Your answer must be the data repeated exactly, with no pictures in it.
BEGIN Information provided
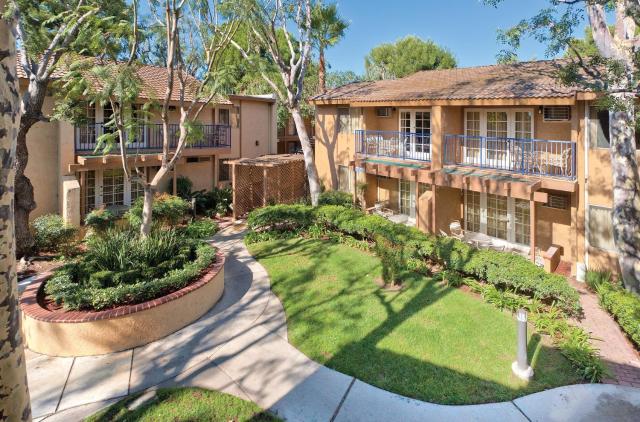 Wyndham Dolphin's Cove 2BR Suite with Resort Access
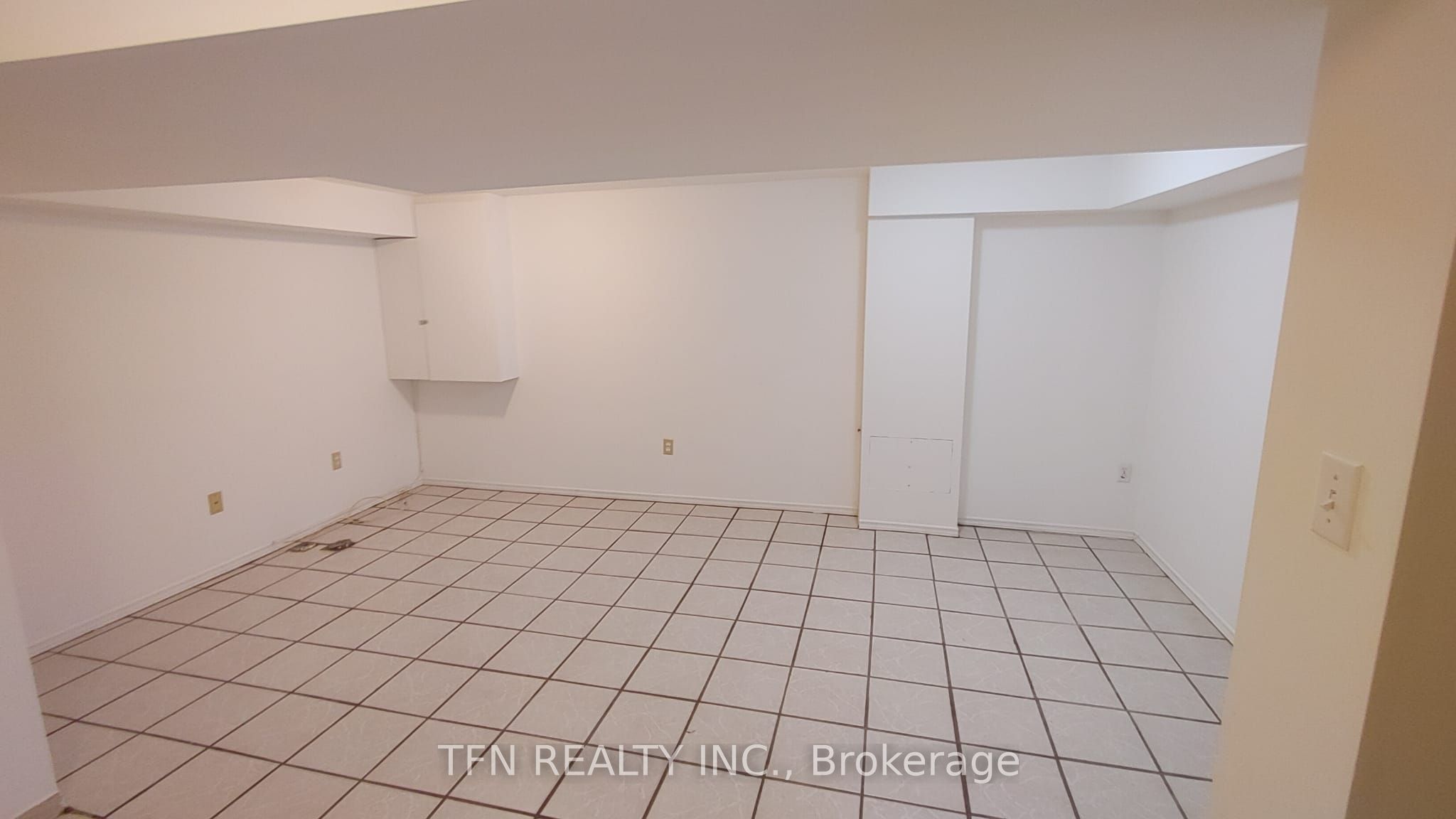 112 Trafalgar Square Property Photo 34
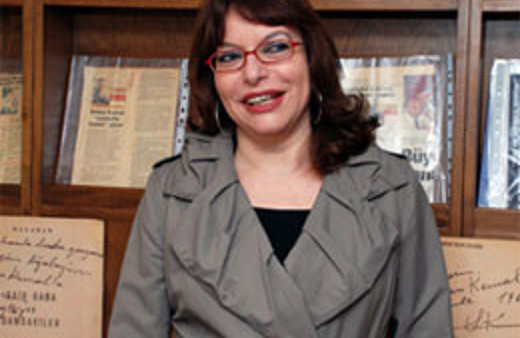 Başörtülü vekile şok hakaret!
END Information provided
▶ **Answer for this exercise**
 Wyndham Dolphin's Cove 2BR Suite with Resort Access
 112 Trafalgar Square Property Photo 34
 Başörtülü vekile şok hakaret!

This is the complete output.